● **HOW TO COMPLETE THIS TASK**: From the material below, please set down exactly the lines starting with the one with "Azul Usado 2020" and going on through the one with "Minibolso de lona GG", without a single picture.

START DATASET RECORDS

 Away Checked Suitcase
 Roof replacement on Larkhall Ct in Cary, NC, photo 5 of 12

END DATASET RECORDS
START DATASET RECORDS

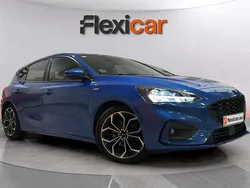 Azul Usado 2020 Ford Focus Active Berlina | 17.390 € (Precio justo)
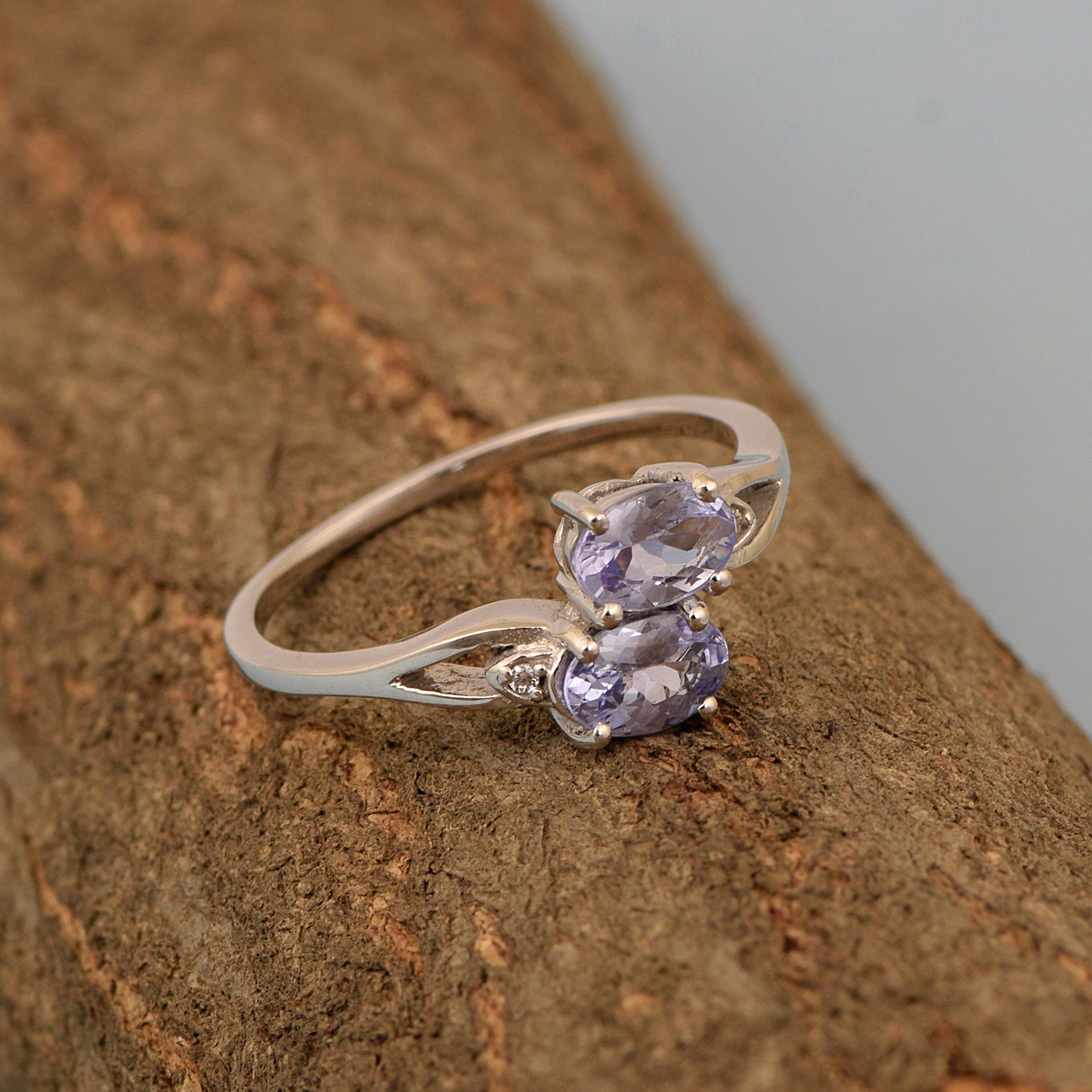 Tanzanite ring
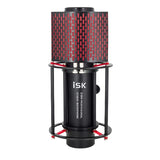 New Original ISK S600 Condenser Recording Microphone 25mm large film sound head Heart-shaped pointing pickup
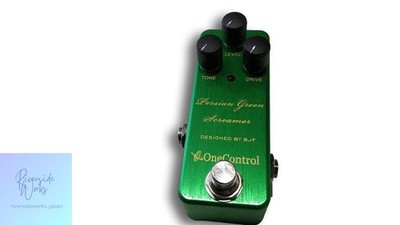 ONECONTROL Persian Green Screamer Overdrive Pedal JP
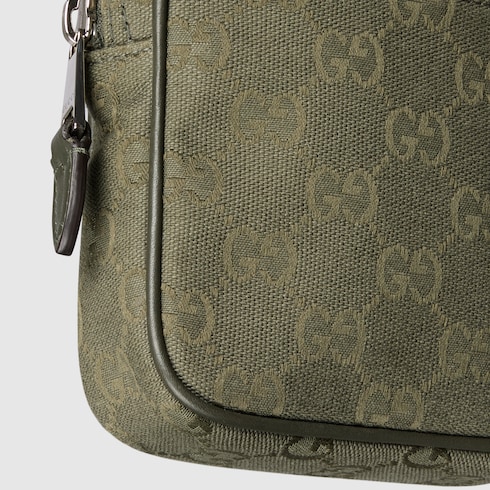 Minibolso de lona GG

END DATASET RECORDS

● **SOLUTION BELOW**:
 Azul Usado 2020 Ford Focus Active Berlina | 17.390 € (Precio justo)
 Tanzanite ring
 New Original ISK S600 Condenser Recording Microphone 25mm large film sound head Heart-shaped pointing pickup
 ONECONTROL Persian Green Screamer Overdrive Pedal JP
 Minibolso de lona GG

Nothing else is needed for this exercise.